Exercise objective: Only the lines from the one that includes "Dragon Partner, Monica" through the last line below belong in the reply, copied exactly and without pictures.

Data shown:
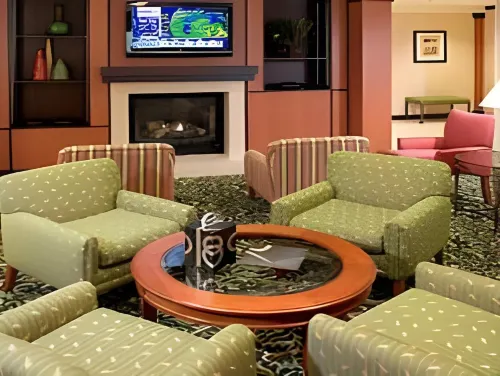 Fairfield Inn & Suites Detroit Metro Airport Romulus Public Areas Photos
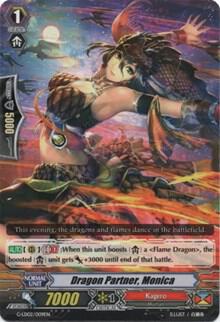 Dragon Partner, Monica
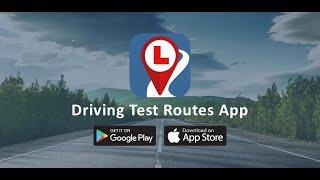 Driving Test Routes App - How it Works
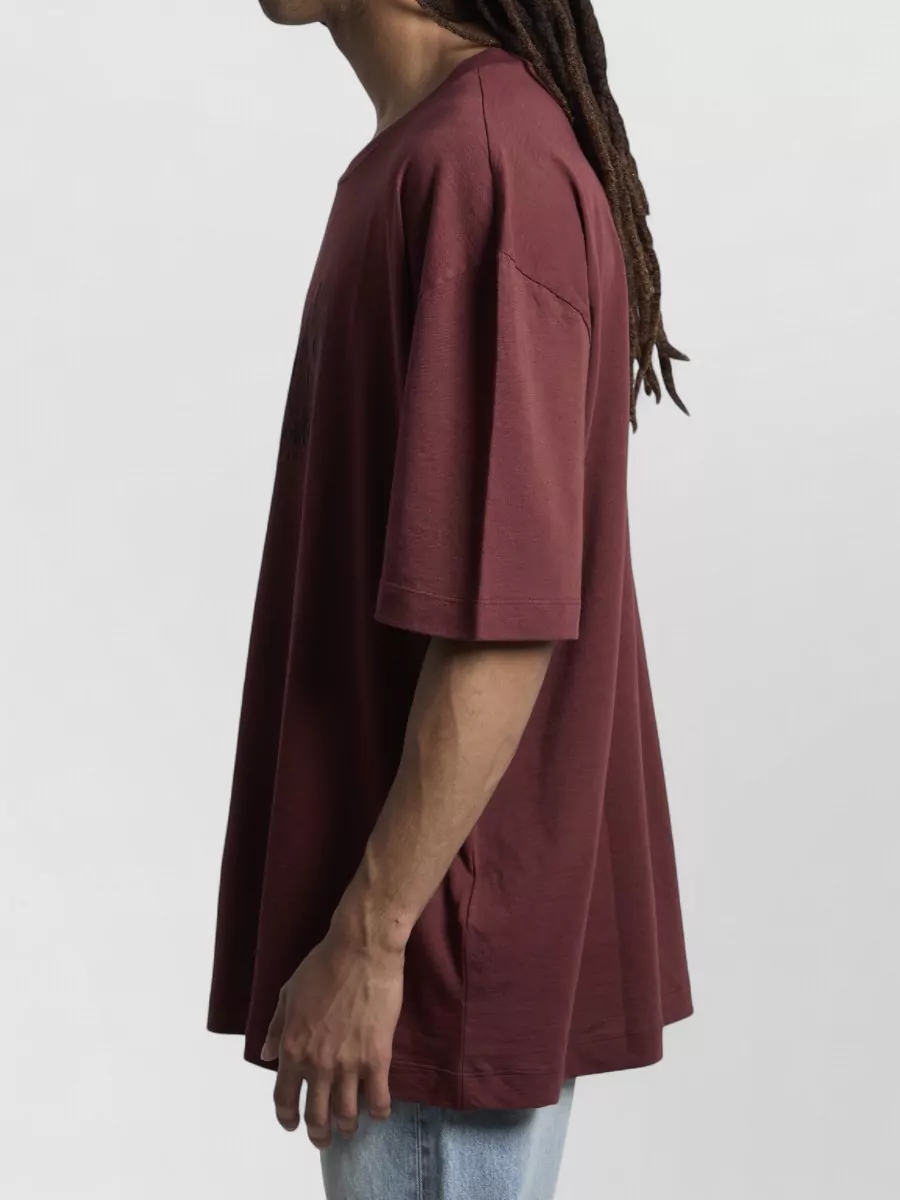 Maison Margiela Oversized Cotton Short-Sleeve T-Shirt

Answer to this exercise:
 Dragon Partner, Monica
 Driving Test Routes App - How it Works
 Maison Margiela Oversized Cotton Short-Sleeve T-Shirt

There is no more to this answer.